Task item
The lines below from the one with "Herbivore — Crystal Lettuce" up to and including the one with "REC 2018. Festival" are what you should set down, exactly and without pictures.

Task input
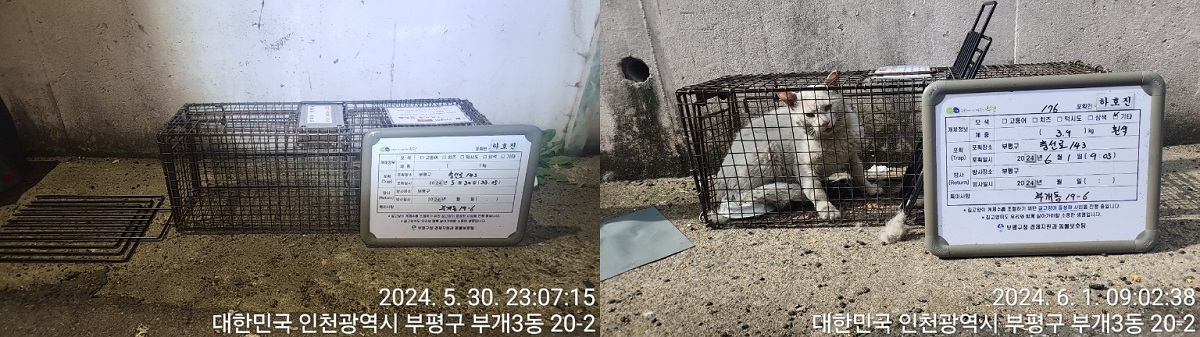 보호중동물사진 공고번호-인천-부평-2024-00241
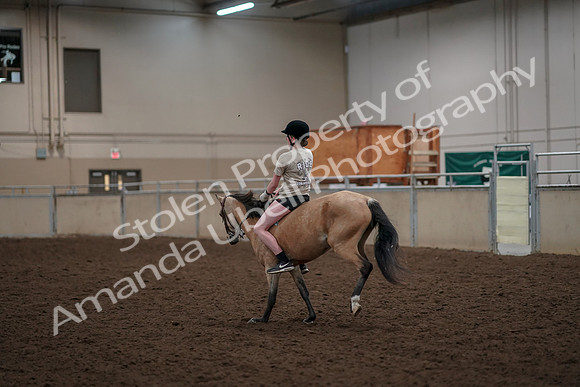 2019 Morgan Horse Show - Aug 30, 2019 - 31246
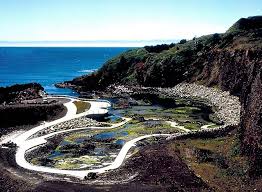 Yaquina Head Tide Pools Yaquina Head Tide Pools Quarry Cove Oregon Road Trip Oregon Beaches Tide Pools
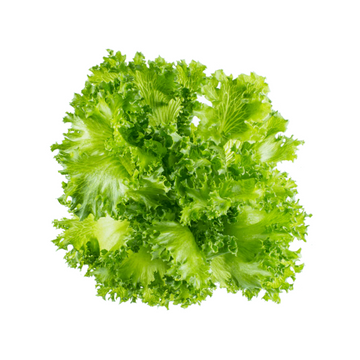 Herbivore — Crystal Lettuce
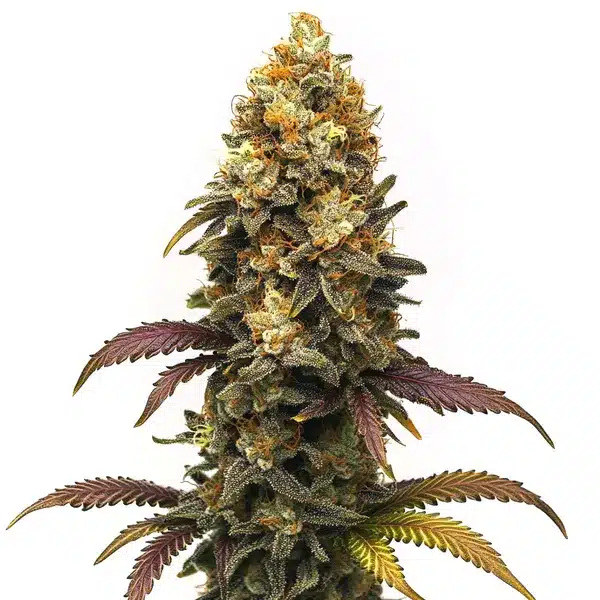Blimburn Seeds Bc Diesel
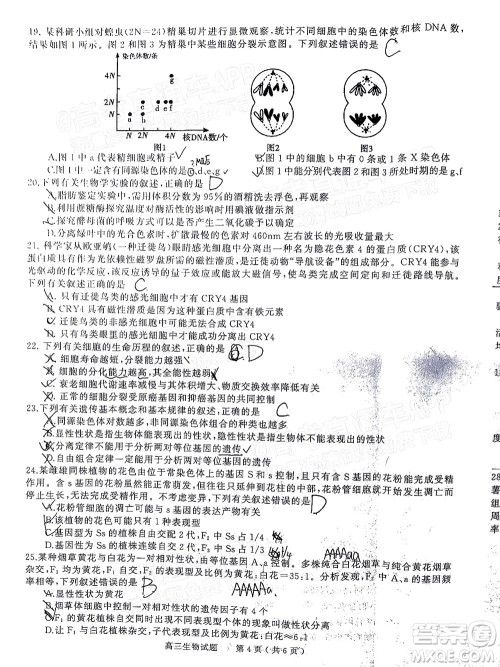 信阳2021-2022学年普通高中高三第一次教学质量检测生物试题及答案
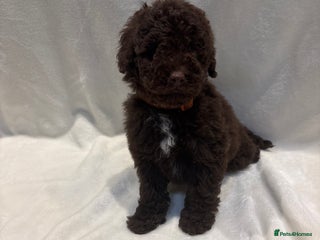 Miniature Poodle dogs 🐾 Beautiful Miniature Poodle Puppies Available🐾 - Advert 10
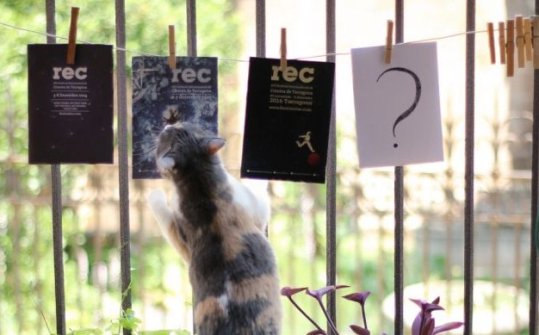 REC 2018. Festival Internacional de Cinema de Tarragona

--

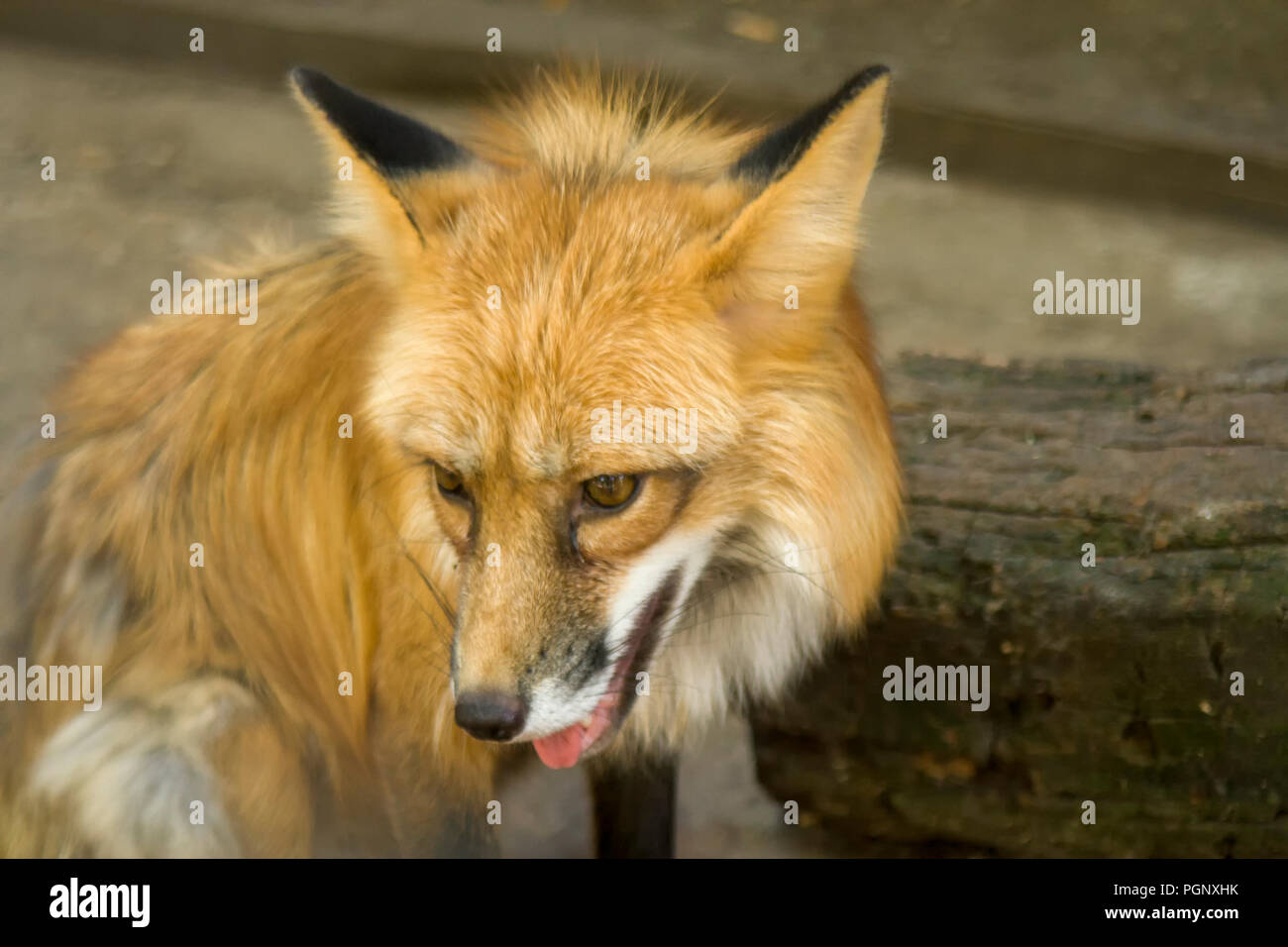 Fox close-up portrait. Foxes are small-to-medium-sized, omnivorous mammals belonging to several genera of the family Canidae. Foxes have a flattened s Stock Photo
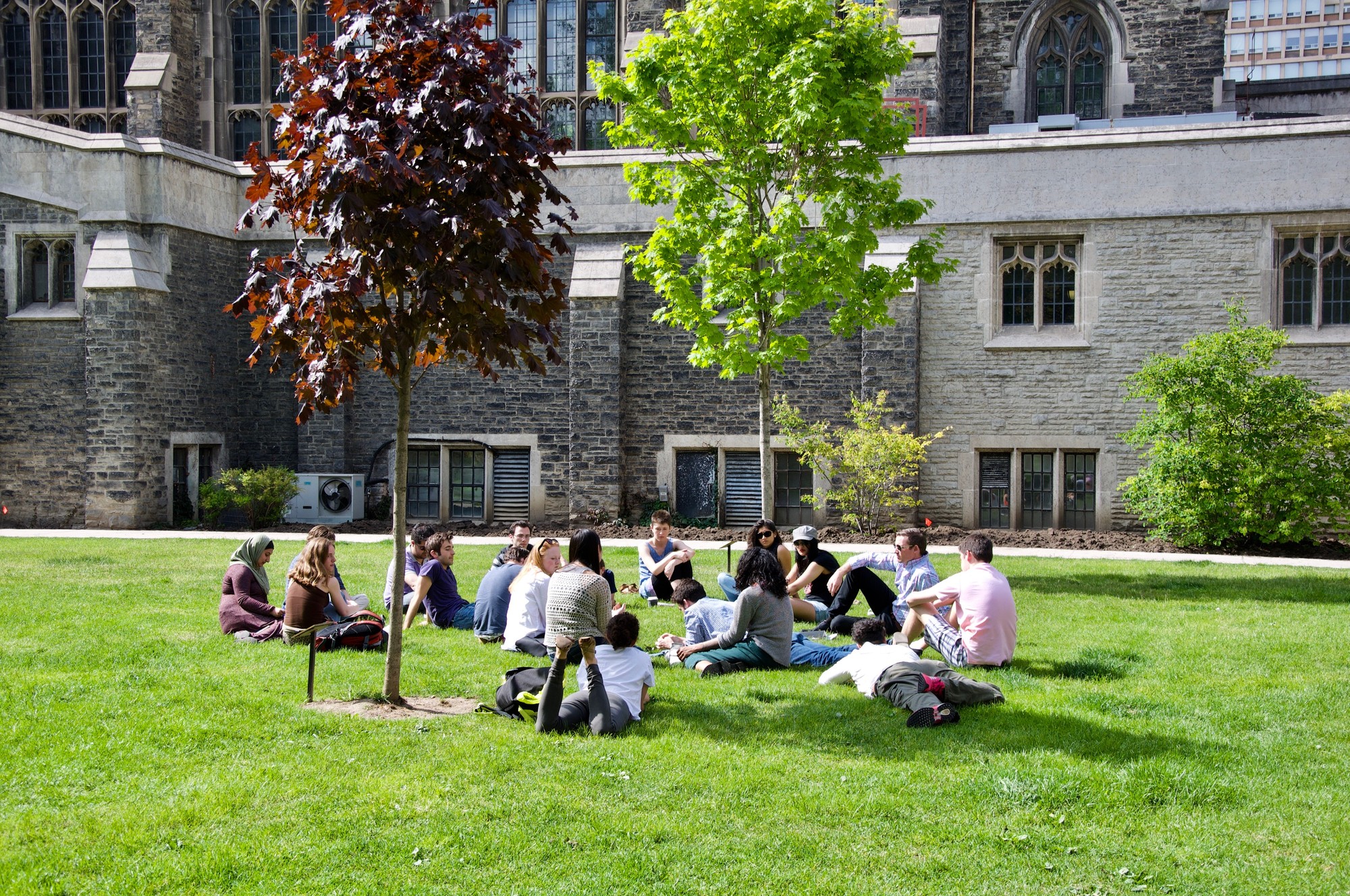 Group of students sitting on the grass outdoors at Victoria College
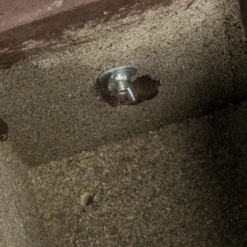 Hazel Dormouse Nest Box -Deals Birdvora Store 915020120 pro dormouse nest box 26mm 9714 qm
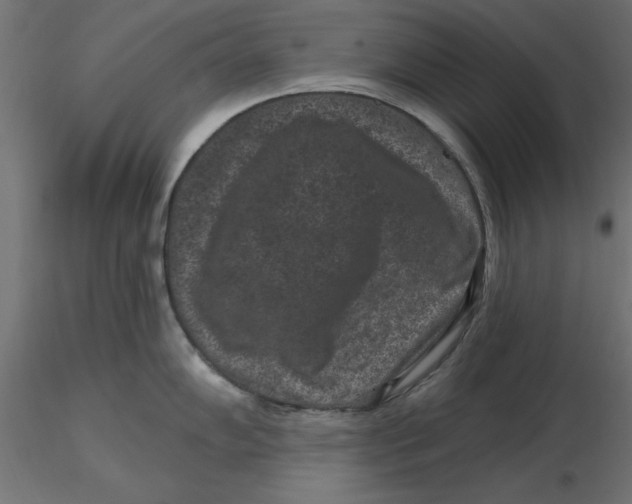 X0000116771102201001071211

Exercise result
 Herbivore — Crystal Lettuce
Blimburn Seeds Bc Diesel
 信阳2021-2022学年普通高中高三第一次教学质量检测生物试题及答案
 Miniature Poodle dogs 🐾 Beautiful Miniature Poodle Puppies Available🐾 - Advert 10
 REC 2018. Festival Internacional de Cinema de Tarragona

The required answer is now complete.